WHAT TO DO.
Write an exact copy of the entries below that leaves out all pictures.

DATASET.
:::::

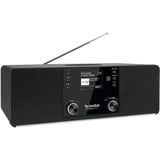 Technisat - Digitradio 370 IR - DAB+ FM Internet Radio - Zwart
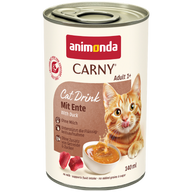 Animonda Cat Carny Drink Adult mit Ente 140 ml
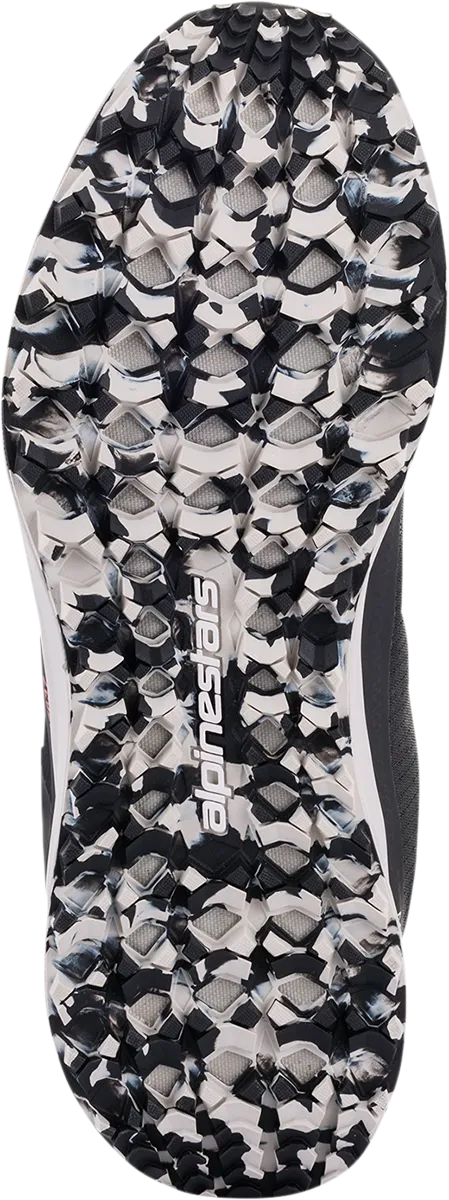ALPINESTARS Speedforce Shoes - Black/White/Red - US 9 2654321-123-9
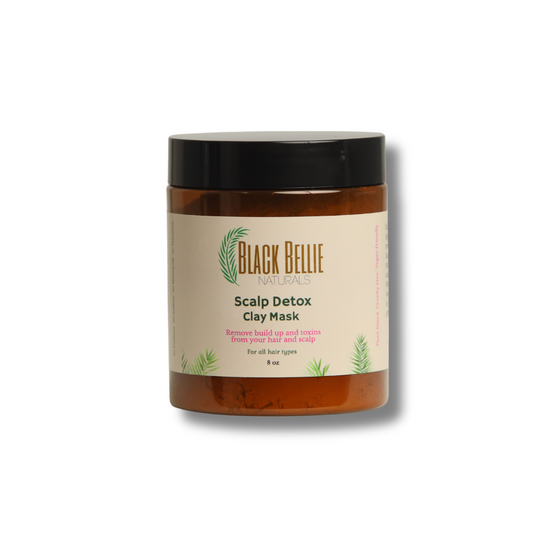 Hair & Scalp Detox Clay Mask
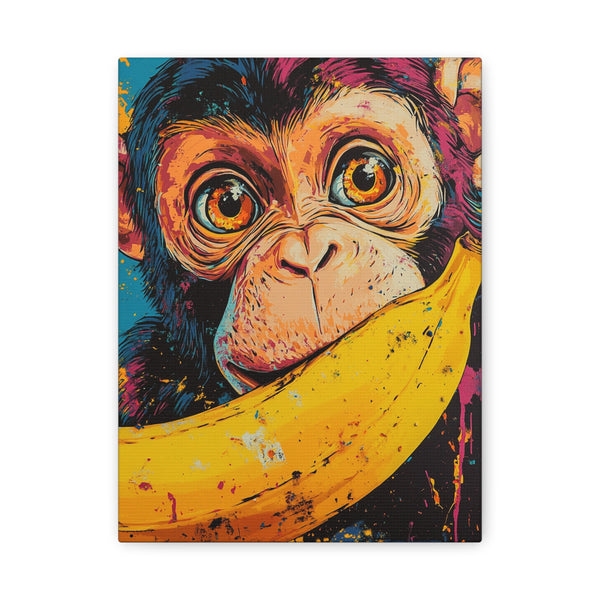 Tableau Singe Banane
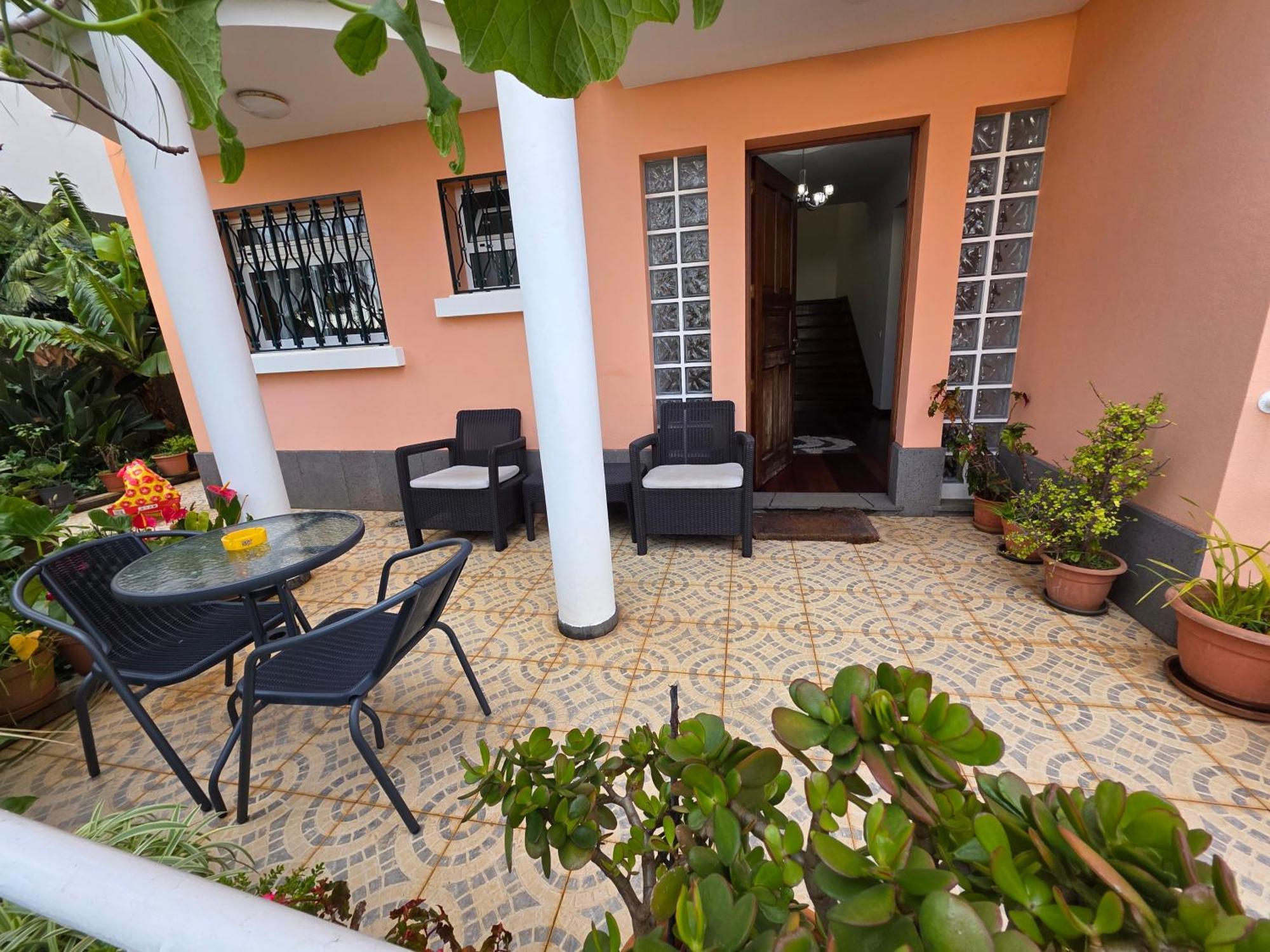 푼샬 Casa De Feria Do Livramento 빌라 외부 사진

:::::

TASK RESULT.
 Technisat - Digitradio 370 IR - DAB+ FM Internet Radio - Zwart
 Animonda Cat Carny Drink Adult mit Ente 140 ml
ALPINESTARS Speedforce Shoes - Black/White/Red - US 9 2654321-123-9
 Hair & Scalp Detox Clay Mask
 Tableau Singe Banane
 푼샬 Casa De Feria Do Livramento 빌라 외부 사진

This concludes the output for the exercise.